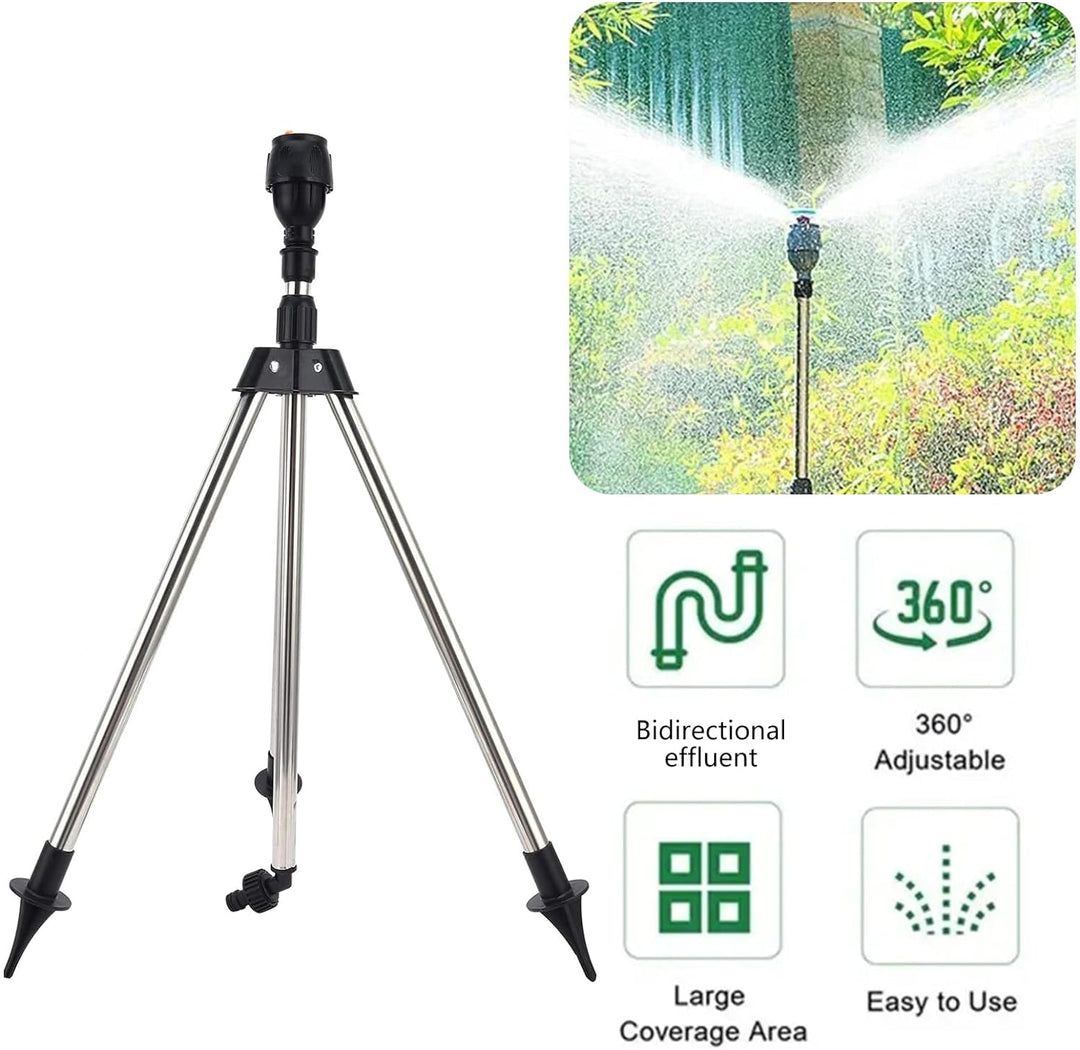 Drehbarer Stativ-Sprinkler, 360 Grad Automatic Rotating Teleskop-Sprinkler-Stativ,Bewässerungsregner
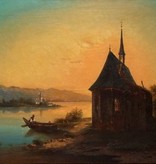 Maler des 19. Jahrhundert » Öl-Gemälde Romantik Chiemsee Landschaft Fraueninsel Münchner Malerschule süddeutsche Malerei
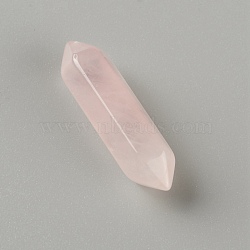 Faceted No Hole Natural Rose Quartz Double Terminated Points, For Wire Wrapped Pendants Making, 31x8x8.5mm(G-WH0016-02)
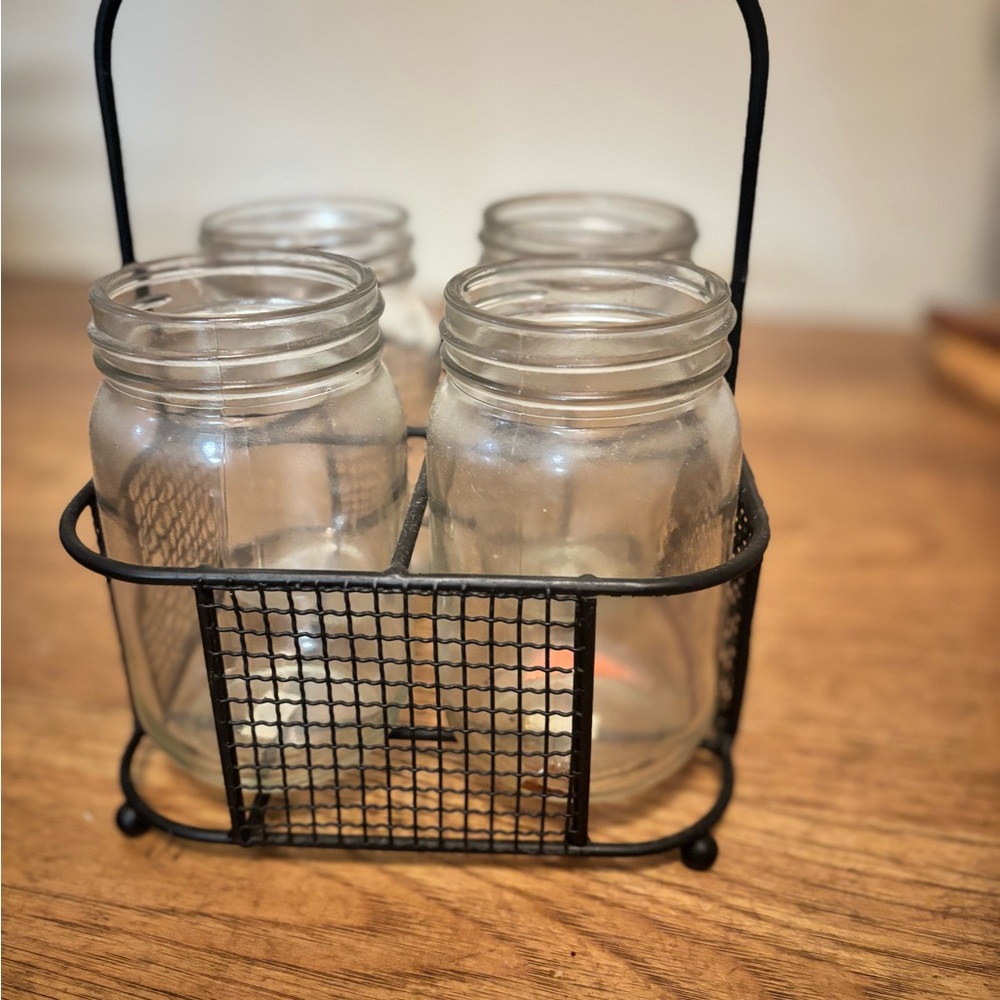 Black Wire Caddy with Glass Jars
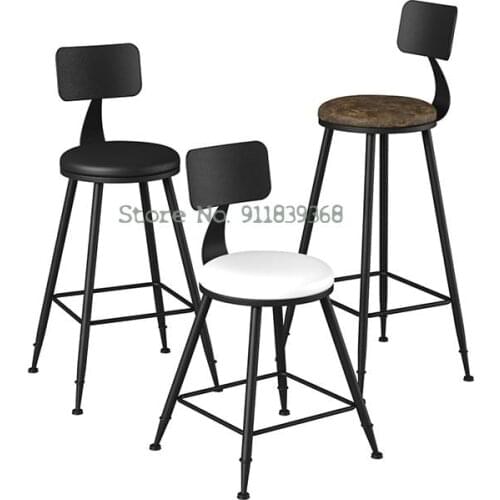 Bar stools modern minimalist high stools Nordic home coffee shop front desk bar stools bar stool backrest chair black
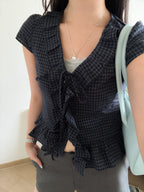 法式復古感ruffle blouse
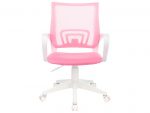 Кресло  Бюрократ СН-695 пластик белый/сетка розовая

********************

__What you have to do__
Everything from the line containing "法式復古感ruffle blouse" to the last line of the listing above is to be written out exactly, except the pictures, and nothing else.

__Solved exercise__
 法式復古感ruffle blouse
 Кресло  Бюрократ СН-695 пластик белый/сетка розовая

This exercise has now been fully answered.